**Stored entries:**
__________
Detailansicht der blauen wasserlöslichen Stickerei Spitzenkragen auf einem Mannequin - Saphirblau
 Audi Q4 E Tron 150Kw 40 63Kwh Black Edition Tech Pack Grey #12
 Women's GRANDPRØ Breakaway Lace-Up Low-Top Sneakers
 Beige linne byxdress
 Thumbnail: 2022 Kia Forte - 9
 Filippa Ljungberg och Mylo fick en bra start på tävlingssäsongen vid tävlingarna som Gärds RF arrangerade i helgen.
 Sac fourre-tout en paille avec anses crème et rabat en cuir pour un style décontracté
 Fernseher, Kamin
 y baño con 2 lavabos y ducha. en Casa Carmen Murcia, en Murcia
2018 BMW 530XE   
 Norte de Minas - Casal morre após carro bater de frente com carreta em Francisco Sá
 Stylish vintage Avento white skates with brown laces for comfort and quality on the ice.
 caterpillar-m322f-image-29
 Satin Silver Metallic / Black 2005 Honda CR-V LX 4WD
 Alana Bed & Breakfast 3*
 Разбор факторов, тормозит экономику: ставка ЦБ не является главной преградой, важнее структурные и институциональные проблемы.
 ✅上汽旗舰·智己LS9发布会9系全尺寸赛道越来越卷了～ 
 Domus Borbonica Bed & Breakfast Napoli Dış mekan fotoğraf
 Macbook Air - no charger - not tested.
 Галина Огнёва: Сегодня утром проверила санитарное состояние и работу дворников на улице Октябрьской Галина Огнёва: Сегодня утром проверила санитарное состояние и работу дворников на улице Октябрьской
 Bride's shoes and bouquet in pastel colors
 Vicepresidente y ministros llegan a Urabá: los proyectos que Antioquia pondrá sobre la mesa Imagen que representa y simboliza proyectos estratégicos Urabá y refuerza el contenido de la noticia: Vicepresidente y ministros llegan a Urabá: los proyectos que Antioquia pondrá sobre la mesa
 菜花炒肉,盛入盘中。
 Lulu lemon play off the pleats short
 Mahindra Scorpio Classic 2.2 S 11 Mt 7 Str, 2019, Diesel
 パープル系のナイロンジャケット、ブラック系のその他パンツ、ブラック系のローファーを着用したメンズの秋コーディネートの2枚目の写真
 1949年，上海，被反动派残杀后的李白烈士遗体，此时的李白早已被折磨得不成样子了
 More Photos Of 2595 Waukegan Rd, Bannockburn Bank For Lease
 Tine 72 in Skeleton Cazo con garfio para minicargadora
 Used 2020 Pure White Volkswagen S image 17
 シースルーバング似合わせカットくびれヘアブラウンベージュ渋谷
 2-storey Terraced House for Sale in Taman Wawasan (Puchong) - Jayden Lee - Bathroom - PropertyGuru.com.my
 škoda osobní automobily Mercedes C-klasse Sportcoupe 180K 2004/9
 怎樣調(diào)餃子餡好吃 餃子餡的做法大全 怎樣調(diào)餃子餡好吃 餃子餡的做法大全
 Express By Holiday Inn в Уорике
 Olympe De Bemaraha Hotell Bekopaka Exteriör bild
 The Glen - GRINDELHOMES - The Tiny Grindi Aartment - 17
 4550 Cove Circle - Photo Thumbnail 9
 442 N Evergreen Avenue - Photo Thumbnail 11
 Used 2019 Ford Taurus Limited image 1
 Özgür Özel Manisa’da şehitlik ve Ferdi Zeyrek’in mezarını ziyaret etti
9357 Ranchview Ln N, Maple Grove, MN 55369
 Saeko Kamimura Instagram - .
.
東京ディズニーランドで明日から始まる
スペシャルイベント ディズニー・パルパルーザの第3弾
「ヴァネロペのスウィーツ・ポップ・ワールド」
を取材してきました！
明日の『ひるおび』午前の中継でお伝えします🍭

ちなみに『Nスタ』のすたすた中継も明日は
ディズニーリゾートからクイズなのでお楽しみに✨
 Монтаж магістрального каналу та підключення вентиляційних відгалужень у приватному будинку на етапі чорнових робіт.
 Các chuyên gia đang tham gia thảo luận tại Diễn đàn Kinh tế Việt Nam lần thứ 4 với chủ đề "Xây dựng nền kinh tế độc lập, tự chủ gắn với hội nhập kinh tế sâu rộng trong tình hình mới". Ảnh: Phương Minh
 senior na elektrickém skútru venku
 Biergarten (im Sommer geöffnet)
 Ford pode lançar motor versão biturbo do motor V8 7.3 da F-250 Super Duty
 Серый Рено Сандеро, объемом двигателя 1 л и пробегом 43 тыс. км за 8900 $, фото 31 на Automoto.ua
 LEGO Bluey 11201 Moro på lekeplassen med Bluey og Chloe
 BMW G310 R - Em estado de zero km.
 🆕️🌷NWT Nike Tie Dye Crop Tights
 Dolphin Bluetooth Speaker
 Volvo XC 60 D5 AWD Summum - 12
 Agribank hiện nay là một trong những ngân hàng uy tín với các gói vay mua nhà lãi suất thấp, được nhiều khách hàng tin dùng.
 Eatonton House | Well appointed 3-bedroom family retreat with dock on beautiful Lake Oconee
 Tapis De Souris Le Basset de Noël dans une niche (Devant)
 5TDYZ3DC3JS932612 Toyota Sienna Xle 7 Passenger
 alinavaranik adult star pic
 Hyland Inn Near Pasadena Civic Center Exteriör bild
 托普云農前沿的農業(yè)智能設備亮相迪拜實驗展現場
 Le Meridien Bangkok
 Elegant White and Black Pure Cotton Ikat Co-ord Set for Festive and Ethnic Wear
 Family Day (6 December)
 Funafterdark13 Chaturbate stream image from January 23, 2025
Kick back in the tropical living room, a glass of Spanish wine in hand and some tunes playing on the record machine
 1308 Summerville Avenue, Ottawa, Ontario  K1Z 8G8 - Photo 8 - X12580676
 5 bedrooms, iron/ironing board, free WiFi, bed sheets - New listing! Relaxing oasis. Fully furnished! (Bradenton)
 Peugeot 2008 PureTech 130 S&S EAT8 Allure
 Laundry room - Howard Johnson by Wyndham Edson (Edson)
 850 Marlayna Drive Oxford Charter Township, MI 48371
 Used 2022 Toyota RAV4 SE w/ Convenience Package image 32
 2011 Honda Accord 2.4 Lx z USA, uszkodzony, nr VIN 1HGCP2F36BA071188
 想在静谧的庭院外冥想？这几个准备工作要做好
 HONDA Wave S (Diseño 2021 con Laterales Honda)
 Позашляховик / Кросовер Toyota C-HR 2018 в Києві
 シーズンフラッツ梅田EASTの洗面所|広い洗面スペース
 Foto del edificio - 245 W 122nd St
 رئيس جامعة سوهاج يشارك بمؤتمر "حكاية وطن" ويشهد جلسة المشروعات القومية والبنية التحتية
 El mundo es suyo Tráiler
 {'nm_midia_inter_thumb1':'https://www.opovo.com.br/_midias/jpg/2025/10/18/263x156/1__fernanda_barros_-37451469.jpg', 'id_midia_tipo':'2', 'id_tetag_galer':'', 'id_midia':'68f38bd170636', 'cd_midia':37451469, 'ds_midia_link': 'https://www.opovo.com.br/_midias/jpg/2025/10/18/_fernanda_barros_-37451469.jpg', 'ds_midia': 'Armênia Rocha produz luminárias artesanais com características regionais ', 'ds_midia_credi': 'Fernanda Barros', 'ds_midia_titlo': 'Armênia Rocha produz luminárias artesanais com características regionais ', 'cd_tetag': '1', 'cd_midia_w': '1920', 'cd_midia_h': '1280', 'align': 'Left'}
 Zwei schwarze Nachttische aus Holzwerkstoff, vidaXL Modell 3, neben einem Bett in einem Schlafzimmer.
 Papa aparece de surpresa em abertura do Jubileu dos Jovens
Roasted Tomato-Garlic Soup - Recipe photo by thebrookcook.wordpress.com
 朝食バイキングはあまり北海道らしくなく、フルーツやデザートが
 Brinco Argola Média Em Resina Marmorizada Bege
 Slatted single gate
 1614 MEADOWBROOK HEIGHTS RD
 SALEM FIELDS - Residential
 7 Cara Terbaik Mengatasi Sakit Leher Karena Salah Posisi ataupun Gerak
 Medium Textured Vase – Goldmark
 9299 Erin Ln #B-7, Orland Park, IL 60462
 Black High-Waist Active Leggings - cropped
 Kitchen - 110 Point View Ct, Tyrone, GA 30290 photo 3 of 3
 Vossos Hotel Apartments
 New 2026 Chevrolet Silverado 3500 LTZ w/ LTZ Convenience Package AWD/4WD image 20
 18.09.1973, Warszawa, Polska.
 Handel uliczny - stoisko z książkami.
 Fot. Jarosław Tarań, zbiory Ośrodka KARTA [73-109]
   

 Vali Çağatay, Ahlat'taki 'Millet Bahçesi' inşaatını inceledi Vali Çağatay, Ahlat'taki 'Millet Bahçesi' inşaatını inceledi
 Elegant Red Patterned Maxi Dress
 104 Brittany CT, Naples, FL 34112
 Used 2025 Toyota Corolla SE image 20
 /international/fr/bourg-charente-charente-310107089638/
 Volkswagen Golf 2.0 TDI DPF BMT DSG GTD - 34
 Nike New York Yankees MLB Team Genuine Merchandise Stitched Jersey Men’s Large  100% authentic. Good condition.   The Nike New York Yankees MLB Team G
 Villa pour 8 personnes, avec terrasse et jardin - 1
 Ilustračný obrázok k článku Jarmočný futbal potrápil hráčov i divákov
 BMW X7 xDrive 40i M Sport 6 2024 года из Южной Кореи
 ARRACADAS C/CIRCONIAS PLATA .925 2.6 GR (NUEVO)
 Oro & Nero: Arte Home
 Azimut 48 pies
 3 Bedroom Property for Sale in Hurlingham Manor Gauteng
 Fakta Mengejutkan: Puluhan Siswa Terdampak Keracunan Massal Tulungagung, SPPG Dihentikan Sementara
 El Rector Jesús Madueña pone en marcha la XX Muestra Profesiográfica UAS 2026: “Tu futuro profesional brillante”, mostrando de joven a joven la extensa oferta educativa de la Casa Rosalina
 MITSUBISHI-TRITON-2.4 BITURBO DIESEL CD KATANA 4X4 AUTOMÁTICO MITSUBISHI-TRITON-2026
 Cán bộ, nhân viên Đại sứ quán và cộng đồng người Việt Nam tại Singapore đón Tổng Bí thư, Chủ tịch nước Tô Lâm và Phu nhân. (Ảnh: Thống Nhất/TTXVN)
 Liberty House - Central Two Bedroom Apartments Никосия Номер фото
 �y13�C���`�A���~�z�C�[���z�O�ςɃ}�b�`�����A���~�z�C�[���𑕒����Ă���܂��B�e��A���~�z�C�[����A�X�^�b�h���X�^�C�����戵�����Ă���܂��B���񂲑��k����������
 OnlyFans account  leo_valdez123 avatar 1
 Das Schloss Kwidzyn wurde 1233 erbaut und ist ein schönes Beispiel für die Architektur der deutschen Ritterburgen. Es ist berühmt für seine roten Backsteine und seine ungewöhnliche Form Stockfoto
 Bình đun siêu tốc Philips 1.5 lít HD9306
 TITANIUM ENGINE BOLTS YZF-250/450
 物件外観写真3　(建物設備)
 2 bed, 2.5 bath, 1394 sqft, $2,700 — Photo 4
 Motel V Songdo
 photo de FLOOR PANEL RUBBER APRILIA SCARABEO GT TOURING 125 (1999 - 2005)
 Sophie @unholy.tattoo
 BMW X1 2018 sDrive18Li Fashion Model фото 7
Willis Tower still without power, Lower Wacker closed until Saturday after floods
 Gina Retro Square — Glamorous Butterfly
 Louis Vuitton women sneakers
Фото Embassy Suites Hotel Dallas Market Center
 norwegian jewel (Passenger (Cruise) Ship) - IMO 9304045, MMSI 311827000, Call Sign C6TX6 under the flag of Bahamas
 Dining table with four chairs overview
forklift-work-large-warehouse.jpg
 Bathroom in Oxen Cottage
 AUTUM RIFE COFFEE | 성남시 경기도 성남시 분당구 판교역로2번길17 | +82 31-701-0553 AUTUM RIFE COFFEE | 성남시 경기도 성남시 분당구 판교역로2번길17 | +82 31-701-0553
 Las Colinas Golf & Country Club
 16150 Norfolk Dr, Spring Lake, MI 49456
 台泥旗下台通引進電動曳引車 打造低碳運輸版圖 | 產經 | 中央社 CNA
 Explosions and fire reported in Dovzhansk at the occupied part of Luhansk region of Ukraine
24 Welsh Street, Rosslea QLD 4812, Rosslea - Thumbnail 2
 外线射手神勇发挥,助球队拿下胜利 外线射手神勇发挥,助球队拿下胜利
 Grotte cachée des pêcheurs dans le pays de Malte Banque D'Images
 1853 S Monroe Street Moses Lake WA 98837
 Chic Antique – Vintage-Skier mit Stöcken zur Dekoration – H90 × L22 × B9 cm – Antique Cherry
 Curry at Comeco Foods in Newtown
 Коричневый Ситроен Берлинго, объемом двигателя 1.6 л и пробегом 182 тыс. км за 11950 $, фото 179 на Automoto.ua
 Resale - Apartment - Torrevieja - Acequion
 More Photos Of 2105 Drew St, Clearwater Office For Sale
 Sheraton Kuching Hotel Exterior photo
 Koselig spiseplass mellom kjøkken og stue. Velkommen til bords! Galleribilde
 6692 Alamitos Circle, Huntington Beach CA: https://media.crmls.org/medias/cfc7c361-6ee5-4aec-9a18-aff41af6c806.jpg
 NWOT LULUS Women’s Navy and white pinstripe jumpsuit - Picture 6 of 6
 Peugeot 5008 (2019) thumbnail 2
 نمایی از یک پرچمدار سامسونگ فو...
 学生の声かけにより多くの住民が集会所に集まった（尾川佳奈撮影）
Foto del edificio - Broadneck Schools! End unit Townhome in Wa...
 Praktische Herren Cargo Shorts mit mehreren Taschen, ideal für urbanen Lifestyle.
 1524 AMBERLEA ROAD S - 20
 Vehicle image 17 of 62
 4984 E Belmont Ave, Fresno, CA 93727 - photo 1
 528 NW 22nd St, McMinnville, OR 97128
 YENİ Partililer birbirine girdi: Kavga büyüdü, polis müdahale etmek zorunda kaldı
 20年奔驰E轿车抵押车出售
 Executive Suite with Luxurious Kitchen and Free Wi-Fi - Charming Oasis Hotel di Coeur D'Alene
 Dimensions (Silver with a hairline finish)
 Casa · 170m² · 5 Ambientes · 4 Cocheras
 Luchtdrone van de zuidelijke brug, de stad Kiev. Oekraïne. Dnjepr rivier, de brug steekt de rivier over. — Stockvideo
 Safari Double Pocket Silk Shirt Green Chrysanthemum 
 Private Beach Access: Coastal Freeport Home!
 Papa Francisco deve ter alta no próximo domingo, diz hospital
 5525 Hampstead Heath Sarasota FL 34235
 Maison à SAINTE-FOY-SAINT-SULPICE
__________
**EXERCISE GOAL:** Return the span of lines in the data above that opens at the line with "Fernseher, Kamin" and closes at the line with "1949年，上海，被反动派残", exactly, ends included, nothing else.

**RESPONSE TO THE EXERCISE:**
 Fernseher, Kamin
 y baño con 2 lavabos y ducha. en Casa Carmen Murcia, en Murcia
2018 BMW 530XE   
 Norte de Minas - Casal morre após carro bater de frente com carreta em Francisco Sá
 Stylish vintage Avento white skates with brown laces for comfort and quality on the ice.
 caterpillar-m322f-image-29
 Satin Silver Metallic / Black 2005 Honda CR-V LX 4WD
 Alana Bed & Breakfast 3*
 Разбор факторов, тормозит экономику: ставка ЦБ не является главной преградой, важнее структурные и институциональные проблемы.
 ✅上汽旗舰·智己LS9发布会9系全尺寸赛道越来越卷了～ 
 Domus Borbonica Bed & Breakfast Napoli Dış mekan fotoğraf
 Macbook Air - no charger - not tested.
 Галина Огнёва: Сегодня утром проверила санитарное состояние и работу дворников на улице Октябрьской Галина Огнёва: Сегодня утром проверила санитарное состояние и работу дворников на улице Октябрьской
 Bride's shoes and bouquet in pastel colors
 Vicepresidente y ministros llegan a Urabá: los proyectos que Antioquia pondrá sobre la mesa Imagen que representa y simboliza proyectos estratégicos Urabá y refuerza el contenido de la noticia: Vicepresidente y ministros llegan a Urabá: los proyectos que Antioquia pondrá sobre la mesa
 菜花炒肉,盛入盘中。
 Lulu lemon play off the pleats short
 Mahindra Scorpio Classic 2.2 S 11 Mt 7 Str, 2019, Diesel
 パープル系のナイロンジャケット、ブラック系のその他パンツ、ブラック系のローファーを着用したメンズの秋コーディネートの2枚目の写真
 1949年，上海，被反动派残杀后的李白烈士遗体，此时的李白早已被折磨得不成样子了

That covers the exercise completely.